Ethiopia ratified the 2003 Convention for the Safeguarding of the Intangible Cultural Heritage in 2006.Ratification of the Convention was therefore, a landmark achievement for the Federal Democratic Republic of Ethiopia. This bold move gave the country an opportunity to conserve, promote, safeguard and develop it’s cultural diversity for sustainable development. Coupled with it’s existing legal and policy frameworks such as the 1995 constitution, the 1997 cultural policy and the 209/2000 proclamation which established the Authority for Research and Conservation of Cultural Heritage (ARCCH), the country had therefore positioned itself to harness it’s potential in the development of the culture sector and particularly pay special attention to it’s rich intangible cultural heritages of over eighty ethnic groups.

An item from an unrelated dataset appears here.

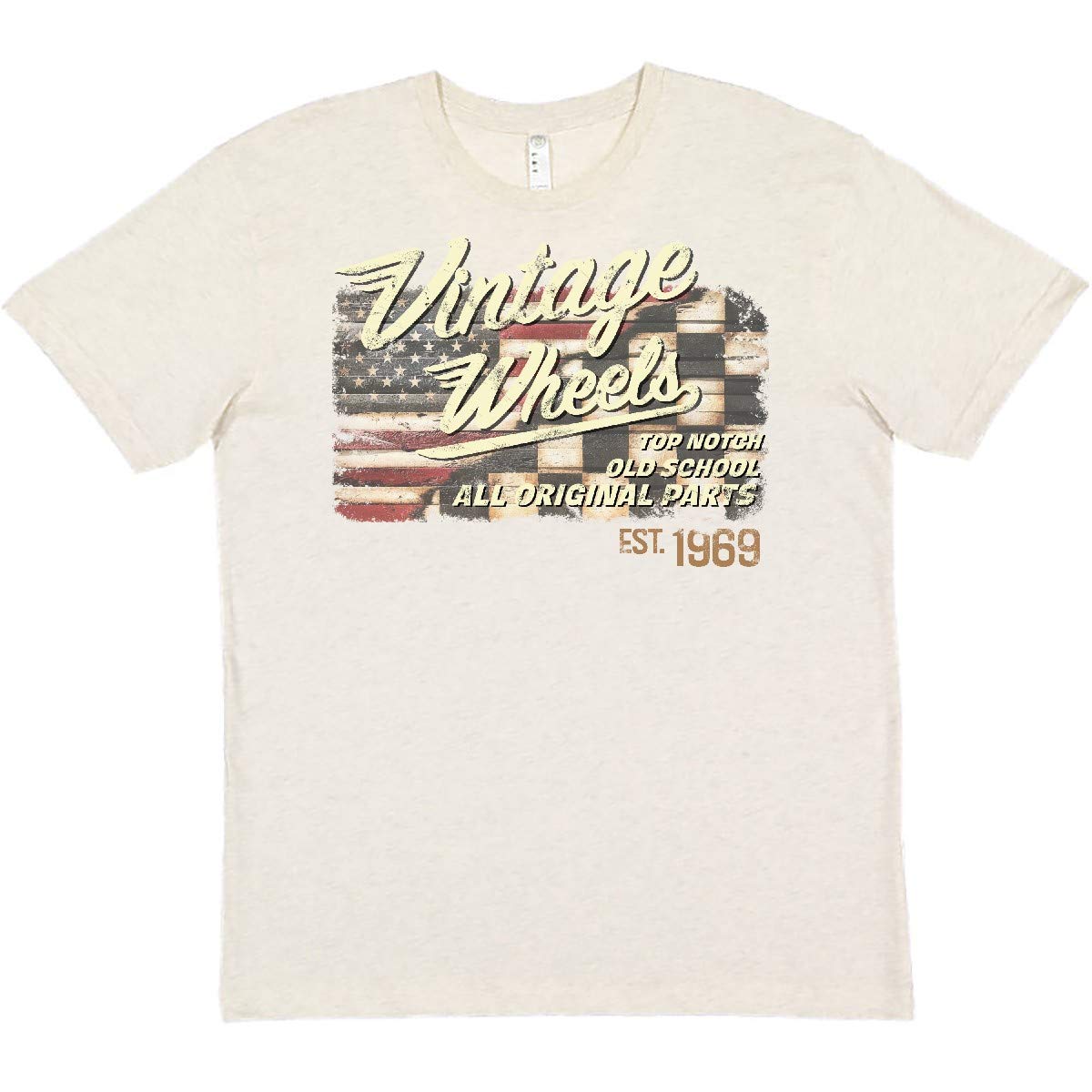 Vintage Wheels Over Top American Racing Flag Graphic T-Shirt for Men & Women - Retro Racing Design, Soft Cotton Tee - Perfect for Car Enthusiasts, Racing Fans & Casual Wear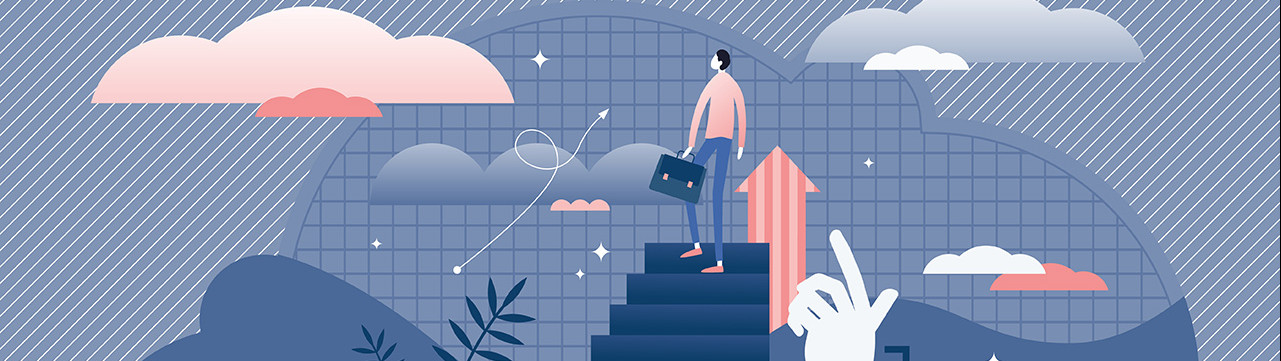 Illustration homme avec un cartable sacoche monte un escalier gestion de carrière rh ressources humaines orientation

As a signatory to the 2003 Convention for the Safeguarding of the Intangible Cultural Heritage, the Ethiopian government was thus bound to observe it’s obligation under the Convention and it’s operational directives. Since 2006 and using it’s existing legal, policy, and institutional frameworks, the Federal Democratic Government of Ethiopia through the Authority for Research in Conservation of Cultural Heritage (ARCCH) began the work of implementing the convention at the national level. A national workshop to sensitize stakeholders on the implementation of the convention was organized. Later on Inventories were developed for the ICH of many Nations, Nationalities, and peoples of Ethiopia with much of the expertise for such undertakings coming from ARCCH. Ethiopia has one element (Meskel) inscribed in the List of Elements in Need of Urgent Safeguarding and a few others such as the Ashura Festival have been lined up for nomination into the lists within the framework of the 2003 UNESCO Convention for the Safeguarding of the Intangible Cultural Heritage.
UNESCO’s highest priority for implementing the 2003 Convention for the Safeguarding of the Intangible Cultural Heritage is a global capacity-building strategy, put in place to strengthen countries’ capacities for the sustainable safeguarding of intangible cultural heritage (ICH) and for harnessing its potential for sustainable development while promoting broad public knowledge and support for the Convention’s concepts and objectives.
The Federal Ministry of Culture and Tourism is the relevant Ministry charged with the responsibility of conservation, promotion, development and the safeguarding of culture of the Nations, Nationalities and peoples of Ethiopia for Sustainable Development. Through the ARCCH, much has been done regarding the implementation of the Convention. There is however, a lot that can be achieved if the Government lays a solid foundation for the implementation of the convention.